In a written statement on Wednesday, the federal board that oversees Puerto Rico’s troubled finances announced its “intent to appoint” retired Air Force Colonel Noel Zamot “as chief transformation officer” of PREPA, the island’s power utility.
“I am fully committed to bringing the resources necessary to restore electricity to the people of Puerto Rico as quickly as possible, and to re-activate the economy and bring normalcy to the island,” Zamot said in a statement.
But Reuters reports, quoting a source familiar with [Puerto Rican] Gov. Ricardo Rossello’s thinking, as saying that the territory’s government is not happy about Zamot’s appointment.
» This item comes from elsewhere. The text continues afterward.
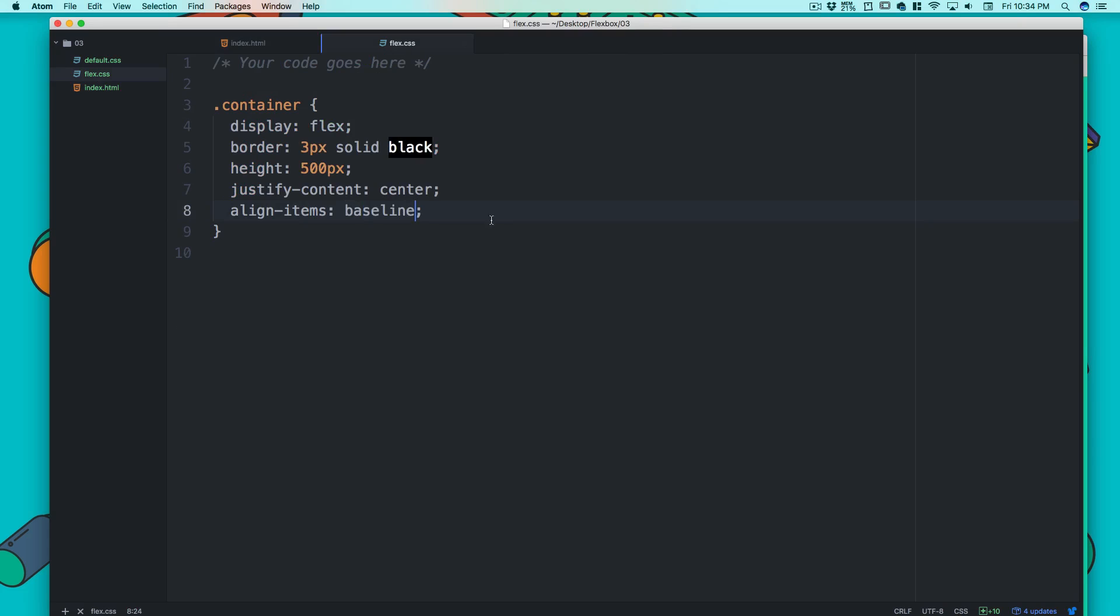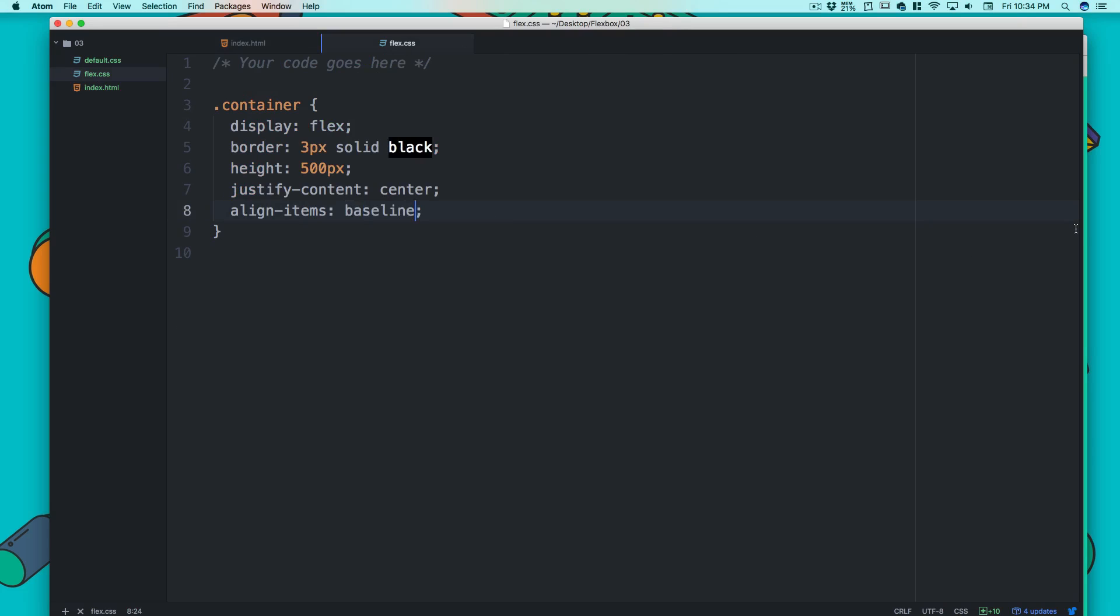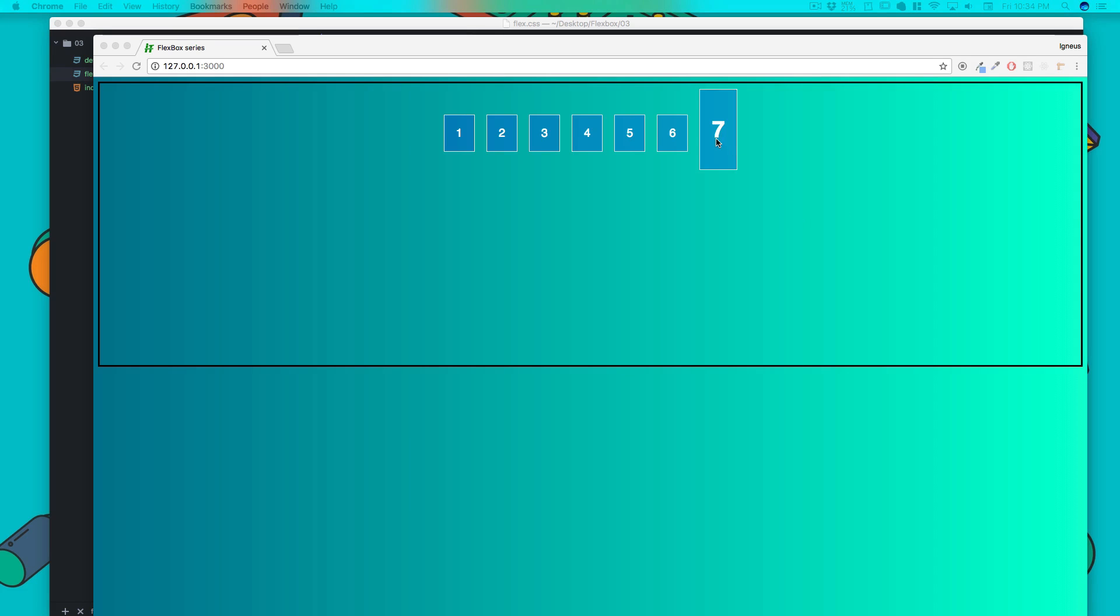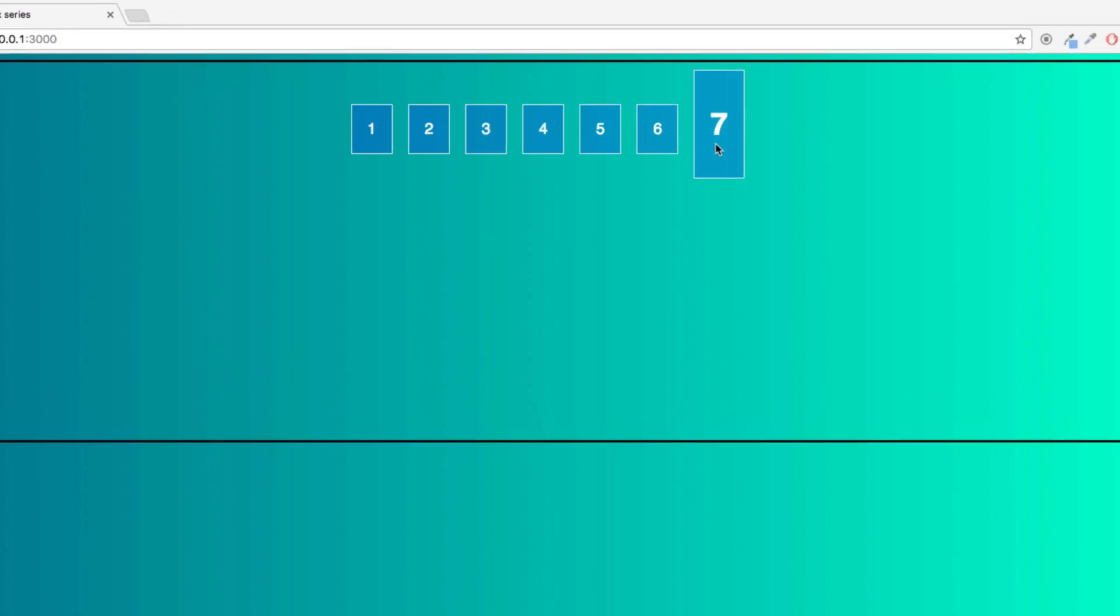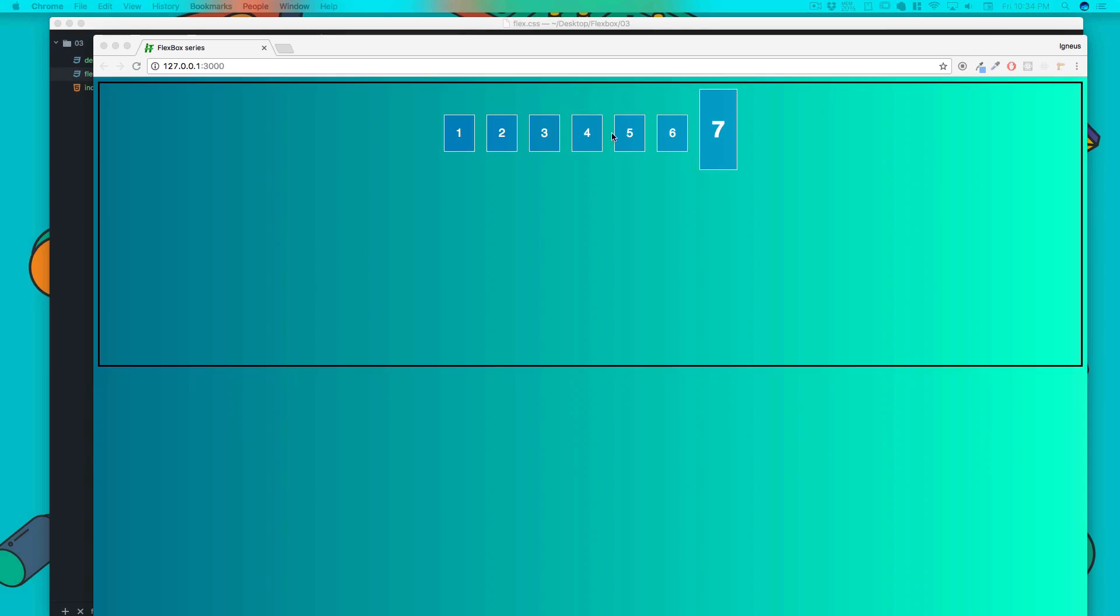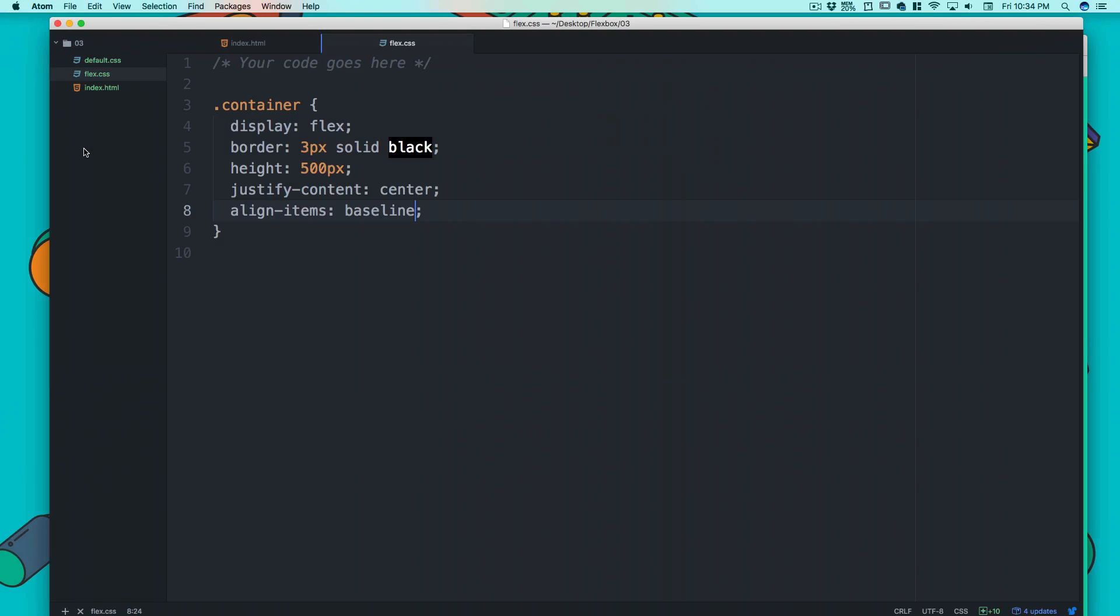As soon as I hit baseline, you'll notice that the baseline of this seven, six, five - all of them are just lined up regardless of whether it's too tall and takes too much space from the top or bottom. It's always going to keep the baseline height.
And in a public statement, Rossello appeared to chafe at the board’s move, saying it had overstepped its authority in making the appointment.
The governor said management of island agencies “rests exclusively on democratically elected officials.”
“Puerto Rico will be zealous in defending the people from any action that seeks to undermine this process,” Rossello said in a Spanish-language statement.
Zamot’s appointment would come amid concern over a $300 million contract issued by the island’s power utility, PREPA, to Whitefish Energy Holdings to lead the restoration effort. Whitefish Energy — a tiny firm with few resources and little experience — is based in Whitefish, Mont., the hometown of Interior Secretary Ryan Zinke.
The controversy over Whitefish Energy continues to boil, with House Minority Leader Nancy Pelosi on Wednesday praising Zamot’s appointment, but expressing suspicion over the Whitefish contract.
“We are deeply concerned both about why and how a small, inexperienced firm was tasked with the massive job of rebuilding Puerto Rico’s devastated electrical grid, and why (Puerto Rico’s power company) failed to activate the mutual aid network, which effectively came to the aid of Texas and Florida after the devastation of Hurricanes Harvey and Irma,” the California Democrat said in a statement.
The company — which had only two full-time employees as recently as last month — engaged in a heated back-and-forth on Wednesday with San Juan’s outspoken Mayor Carmen Yulin Cruz via Twitter. Cruz called for more transparency over the company’s contract and Whitefish Energy, in turn, issued an implied threat to pull its workforce.
In a tweet since deleted, Whitefish fired back: “We’ve got 44 linemen rebuilding power lines in your city & 40 more men just arrived. Do you want us to send them back or keep working?”
We share frustration with Mayor Cruz on the situation in Puerto Rico, but her comments are misplaced. pic.twitter.com/rIzxIjOcfQ
— Whitefish Energy (@WhitefishEnergy) October 25, 2017
Later, the company issued an apology, saying the comments “did not represent who we are and how important this work is to help Puerto Rico’s recovery.”